They are the songs you cannot get out of your head. Now scientists may have found a way to help anyone plagued by those annoying tunes that lodge themselves inside our heads and repeat on an endless loop.
Researchers claim the best way to stopping the phenomenon, sometimes known as earworms – where snippets of a catchy song inexplicably play like a broken record in your brain – is to solve some tricky anagrams.
This can force the intrusive music out of your working memory, they say, allowing it to be replaced with other more amenable thoughts.
But they also warn not to try anything too difficult as those irritating melodies may wiggle their way back into your consciousness.

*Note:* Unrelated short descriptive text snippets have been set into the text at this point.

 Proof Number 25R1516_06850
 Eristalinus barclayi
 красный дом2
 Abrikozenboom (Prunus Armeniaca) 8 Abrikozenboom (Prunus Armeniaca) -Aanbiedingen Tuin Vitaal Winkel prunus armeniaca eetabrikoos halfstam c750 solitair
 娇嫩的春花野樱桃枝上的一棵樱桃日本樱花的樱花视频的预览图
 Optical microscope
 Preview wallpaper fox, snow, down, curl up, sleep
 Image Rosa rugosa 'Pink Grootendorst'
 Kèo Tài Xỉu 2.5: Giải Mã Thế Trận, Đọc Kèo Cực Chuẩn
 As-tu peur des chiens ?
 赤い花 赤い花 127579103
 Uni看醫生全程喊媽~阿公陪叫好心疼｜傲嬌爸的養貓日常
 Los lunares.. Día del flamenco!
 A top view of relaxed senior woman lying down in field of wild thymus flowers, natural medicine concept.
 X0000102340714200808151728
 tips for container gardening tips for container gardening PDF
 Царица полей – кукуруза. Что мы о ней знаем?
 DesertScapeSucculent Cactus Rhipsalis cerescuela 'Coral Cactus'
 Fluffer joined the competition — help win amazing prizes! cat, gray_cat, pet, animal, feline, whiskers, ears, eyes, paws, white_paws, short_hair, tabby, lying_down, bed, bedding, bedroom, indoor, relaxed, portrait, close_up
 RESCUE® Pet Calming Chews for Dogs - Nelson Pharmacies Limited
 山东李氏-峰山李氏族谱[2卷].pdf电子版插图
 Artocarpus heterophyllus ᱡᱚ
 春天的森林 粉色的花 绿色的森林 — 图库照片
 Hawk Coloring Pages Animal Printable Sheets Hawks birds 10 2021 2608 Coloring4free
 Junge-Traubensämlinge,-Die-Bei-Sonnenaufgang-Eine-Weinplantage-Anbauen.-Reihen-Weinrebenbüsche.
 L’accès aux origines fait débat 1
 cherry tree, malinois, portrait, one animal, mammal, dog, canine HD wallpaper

For those unwilling to carry around a book of anagrams, a good novel may also do the trick.
The key is to find something that will give the right level of challenge,” said Dr Ira Hyman, a music psychologist at Western Washington University who conducted the research. “If you are cognitively engaged, it limits the ability of intrusive songs to enter your head.
Wow. Concentrate enough on something else, and the song in your head will go away! What a discovery!
Of course sometimes you might find it wasn't worth the effort. What's worse, having an annoying earworm bug you for a few minutes or wasting that time on a meaningless anagram? It's sort of like thinking about something else as a way to, um, delay the inevitable during lovemaking. It works, sure, but at the cost of diluting the attention you should be paying to the experience.
I hate it when commercial jingles get stuck in my head. Just means they're as good at being catchy as they're supposed to be, I guess.